Chicuchas Wasi is a place defined by love. Love is the first and last consideration of everything they do, and it is so palpable that even a stranger like me, entering for the first time, could feel it. Upon entering this school for Quechua girls outside of Cusco, Peru, all the girls were in groups around the courtyard ready to perform, and all eyes were on me. This isn’t the usual way shy Peruvian girls might act – they were proud of their costumes and preparation for their performance, and they were confident and eager to show what they knew. Each of them wanted to talk with me, and I wished I could have duplicated myself to connect with every one of them!

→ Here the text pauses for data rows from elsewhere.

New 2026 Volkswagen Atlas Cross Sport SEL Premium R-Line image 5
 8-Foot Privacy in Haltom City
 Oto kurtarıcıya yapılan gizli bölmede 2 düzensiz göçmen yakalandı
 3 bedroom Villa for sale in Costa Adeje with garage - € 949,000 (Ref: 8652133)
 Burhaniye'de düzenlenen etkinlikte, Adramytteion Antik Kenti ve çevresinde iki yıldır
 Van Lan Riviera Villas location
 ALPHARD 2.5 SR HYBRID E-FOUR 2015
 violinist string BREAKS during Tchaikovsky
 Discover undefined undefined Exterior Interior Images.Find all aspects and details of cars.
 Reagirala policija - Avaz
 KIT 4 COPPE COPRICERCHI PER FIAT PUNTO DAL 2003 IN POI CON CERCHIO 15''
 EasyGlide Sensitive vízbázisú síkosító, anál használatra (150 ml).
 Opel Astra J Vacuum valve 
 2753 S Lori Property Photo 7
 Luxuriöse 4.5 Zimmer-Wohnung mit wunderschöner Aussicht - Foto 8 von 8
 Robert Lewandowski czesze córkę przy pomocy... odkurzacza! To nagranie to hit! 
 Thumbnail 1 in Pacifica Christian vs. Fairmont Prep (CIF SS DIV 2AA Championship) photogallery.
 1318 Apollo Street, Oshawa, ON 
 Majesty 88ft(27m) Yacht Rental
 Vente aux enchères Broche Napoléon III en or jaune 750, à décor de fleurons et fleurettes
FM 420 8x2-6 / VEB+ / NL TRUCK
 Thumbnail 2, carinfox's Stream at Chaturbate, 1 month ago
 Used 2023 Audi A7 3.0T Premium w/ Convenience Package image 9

The teachers and school director, who also function as social workers, visit with the community and families to find the girls who are most in need. These are teachers who know what is going on in each student’s home because they do the visits themselves. They bring the parents to the school for parenting education and engage the parents in the activities of the school. When girls graduate, they bring them back to the school to ensure they have what they need, but also to give a forum for the girls, still considered at-risk, to express their feelings about their lives.
I received a tour of the school and an incredible presentation of the Incan Winter Solstice ceremony. Each girl made her own costume, learned songs, dances, chants, and scripts for this event. It was an unforgettable spectacle showcasing the leadership of the older girls and the potential of the younger girls.
Afterwards, I shared lunch with a group of 3rd graders and enjoyed the freshly made Aji de Gallina (creamy chicken stew) with them. Being 3rd graders, they giggled and told jokes all through the meal, but still finished every last bite. Nutrition is a major factor affecting their health and, therefore, the ability to move out of poverty for these families. It was great to see the quality of food prepared for the girls. I had Aji de Gallina the night before in a restaurant and the Chicuchas Wasi preparation wins!
There are 112 girls at a time at Chicuchas Wasi and it was clear after speaking with the students, the teachers, and some parents that it is a life-changing experience for the girls and their families. I think I left my heart there and there is no question that we, as members of DFW, have invested in an effective method to create an equal playing field for Quechua girls.